The timing matters. Victoria's amended Public Records Act obligations, which came into full effect for local government bodies in early 2026, require councils to demonstrate that digital holdings are de-duplicated, correctly licensed, and retrievable within defined timeframes. For institutions that have spent the past decade digitising physical collections at pace — the State Library of Victoria alone has added hundreds of thousands of items to its online catalogue since 2020 — the administrative backlog is now visible in audit reports and internal reviews.
What Melbourne is actually doing
The City of Melbourne's Digital Services team has been piloting a perceptual hashing tool since March 2026, applied first to the council's open data image repository on data.melbourne.vic.gov.au. The technology compares pixel-level fingerprints across files rather than relying on metadata, catching duplicates that were saved under different file names, resolutions, or compression settings. A second phase, expected to roll out to the council's Swanston Street heritage photo archive by September 2026, will extend the same process to roughly 40,000 legacy TIFF files.
In Carlton, the Software for Good collective — a not-for-profit digital consultancy based on Lygon Street — has been advising three inner-north councils on open-source de-duplication pipelines that avoid the licensing fees attached to enterprise tools from vendors like OpenText or IBM. The organisation argues that smaller Victorian councils cannot justify five-figure annual software contracts for what is fundamentally a batch-processing problem solvable with existing Python libraries.

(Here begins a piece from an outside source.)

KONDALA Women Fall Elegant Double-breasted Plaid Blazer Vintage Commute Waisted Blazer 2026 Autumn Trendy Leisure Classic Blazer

Meanwhile the State Library of Victoria, on La Trobe Street in the CBD, is running a separate audit of its Trove-connected image holdings, coordinating with the National Library of Australia in Canberra after it emerged that some digitised Victorian newspaper front pages had been ingested twice through separate batch uploads in 2021 and 2023.
How that compares globally
Amsterdam's Stadsarchief — the city's municipal archive — completed a system-wide de-duplication project in late 2024, removing more than 1.2 million redundant image files from its 15-million-item digital collection, according to a case study published by the International Council on Archives in January 2025. The project took 18 months and cost approximately €340,000, a figure the archive's published report attributed partly to the need for manual review of borderline matches. London's Wellcome Collection finished a comparable exercise in 2023, flagging that around 8 per cent of its publicly accessible image records carried at least one exact duplicate.
Melbourne's effort is smaller in scale but arguably more fragmented. Unlike Amsterdam, which centralised its archive governance under a single municipal authority, Victoria distributes records responsibility across 79 councils, state agencies, and statutory bodies, each with its own IT procurement cycle. That structure means no single project can claim to have solved the problem city-wide. The City of Melbourne's pilot covers its own holdings; it has no jurisdiction over, say, the Melbourne Museum's image database on Nicholson Street in Carlton, which is managed by Museums Victoria under a separate government funding framework.
Singapore's National Archives completed an AI-assisted audit in 2025 that identified duplicates across colonial-era photographic holdings in under six weeks — a timeline Melbourne's practitioners say would be impossible here without first standardising metadata fields across institutions, a step that has been discussed at the Public Record Office Victoria for at least three years without a mandated deadline.
For Melburnians who use public digital archives — genealogists searching the Births, Deaths and Marriages index, architects pulling heritage overlays from council portals, journalists filing freedom of information requests — the practical upshot is that search results will remain noisier than they should be until at least mid-2027, when the City of Melbourne's second audit phase is expected to conclude. In the meantime, the advice from digital archivists is direct: if you retrieve a document from a council portal and the file name includes a string like "_v2" or "_FINAL_FINAL", assume there is an earlier version sitting in the same system, indexed separately, and request it explicitly.